米国に植民地を築いた人々は、大西洋を越えて、英国のコモンローを新大陸に持ち込んだ。植民地の官吏は、彼らの本国の上司たちと同様に、出版の自由に寛容ではなかった。1735年、ニューヨークのウィリアム・コスビー総督は、新聞発行人ジョン・ピーター・ゼンガーを扇動的誹謗罪で起訴した。コスビー総督は、ある重要な裁判で、自分の利益に反する判決を下した裁判官を解任したが、ゼンガーがこれを批判したことが扇動的誹謗罪に当たると見なした。ブラックストーン卿が明確に述べた前述の伝統的原則に照らせば、ゼンガーにはその批判を表明する権利はあったが、それがもたらす結果に直面しなければならなかった。しかし、ゼンガーの弁護士、アンドリュー・ハミルトンは、ゼンガーが出版した内容が真実であることを理由に、無罪放免にするよう陪審団を説得した。英国法であれ米国法であれ、真実であることが誹謗罪に対する完全な弁護手段として受け入れられるまでには、その後何年も要したが、この裁判は、政治的に重要な先例を樹立したと言える。米国の陪審員たちが、真実のみならず、意見を発表した者に対して、有罪とすることに消極的だったため、植民地の総督たちにとって、自分たちを批判する者に扇動的誹謗罪を適用して訴追することは次第に困難になった。米国の独立革命の時期までに、法律の条文があったにもかかわらず、出版者は英国国王とその植民地総督を、容赦なく攻撃した。

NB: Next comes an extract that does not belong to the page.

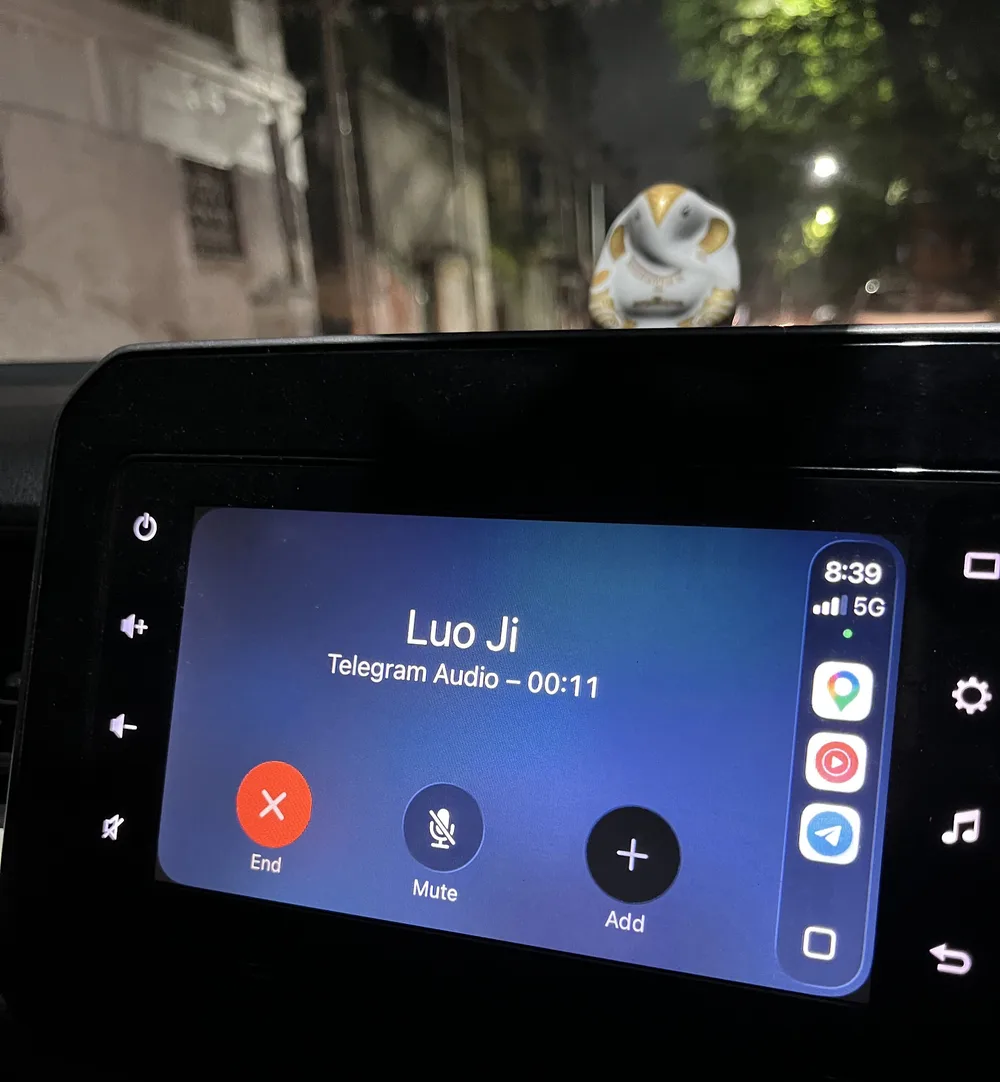 My car's dashboard screen at night, showing a Telegram audio call with Luo Ji, eleven seconds in, with End, Mute and Add buttons.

憲法修正第1条の出版の自由条項の草案者たちが、ゼンガー裁判の教訓をそこに組み込もうとしたかどうかについては、議論の余地がある。というのも、独立した米国諸州のほとんどすべての州が、出版に関する規定も含めて、英国のコモンローを採択したからだ。1798年、米国がフランスと準戦争状態にある中で、扇動防止法が議会を通過し、米国大統領、および米国政府を誹謗したという理由の訴追に対して、真実を盾として弁護することが認められた。しかしこの法律は、ジェファソン率いる共和党への対抗策として、利己的な党利党略のために施行されたものだった。その結果、連邦党を支持していた判事たちは、英国の判事と同様に、真実を盾に弁護することを容認した条項を無視して、政府批判の発言を誹謗として処罰した。その一例が、バーモント州の新聞発行人、マシュー・ライアンズが訴追された事件である。ライアンズは、当時のジョン・アダムズ大統領を、「ばかげた虚飾への際限のない欲望、卑しいへつらい、わがままな強欲」とこきおろした。この言論を理由にライアンズは、1,000ドルの罰金刑を課せられ、その罰金の原資を稼ぐため、4ヵ月間も刑務所で惨めな苦役を強いられることになった。

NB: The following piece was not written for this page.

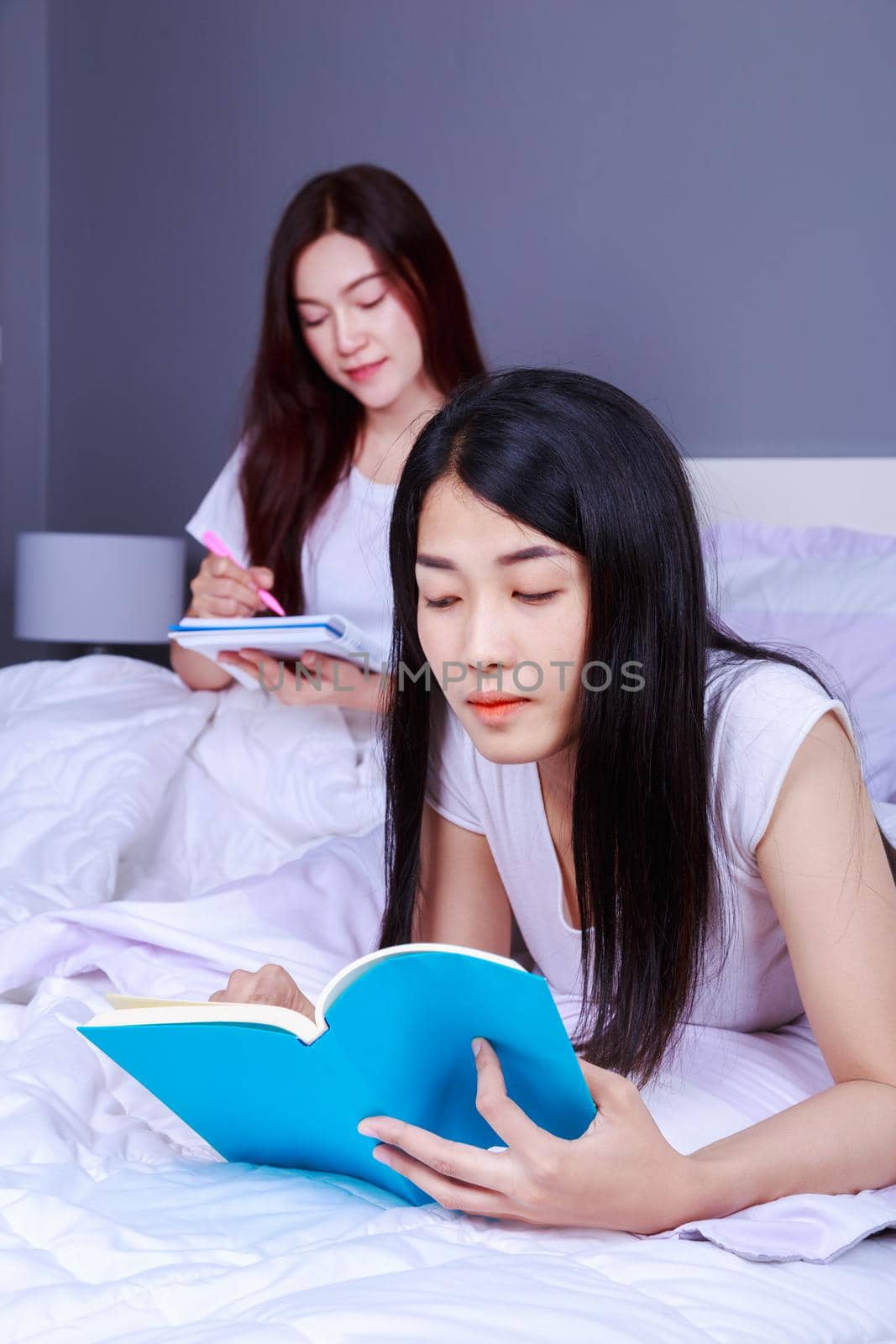 two woman writing and reading a book on bed in the bedroom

扇動防止法は、1801年に失効した。連邦政府は、南北戦争中に行われた少しばかりの制限を除けば、19世紀を通じて、憲法に規定された出版の自由条項の侵害にあたることは一切行わなかった。誹謗罪は徐々に、刑法より、むしろ民法上の問題となり、もっぱら著名人が、自分の評判を守るため訴訟を起こす目的で使われるようになった。第1次世界大戦中に、議会は、別の扇動防止法を通過させた。言論の自由の章で述べたように、その法律を根拠に起こされた裁判は、主として言論の自由の問題として扱われ、それが、「明白かつ現在の危険」という基準の誕生につながった。出版の自由については、その後、それほど意義のある展開はなかったが、1930年代初頭になりようやく、言論の事前の規制という論議が再び高まってきた。真の自由な報道を目指す新聞は、最高裁に強力な味方を見出した。最高裁は、合衆国憲法修正第1条に含まれる「・・・あるいは出版の自由」という単純な言葉を、出版の自由の強力な盾に変えたのである。

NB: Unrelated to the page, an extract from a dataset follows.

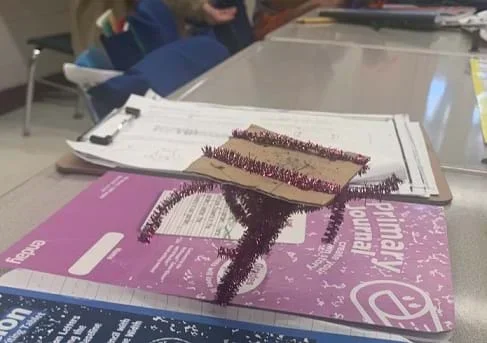 Image shows pink pipe cleaners holding up a piece of cardboard. Writing journals are placed on either side at the base of the creation.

現在につながる出版の自由条項関連の判決は、1931年に行われた「ニア対ミネソタ州事件」という画期的な裁判から始まった。この裁判は一見、ブラックストーン卿による事前の規制の禁止の焼き直しに過ぎないように見えるが、実際には、同卿の見解を基盤として、その上に強力で独立した報道を築く最初の一歩だったのである。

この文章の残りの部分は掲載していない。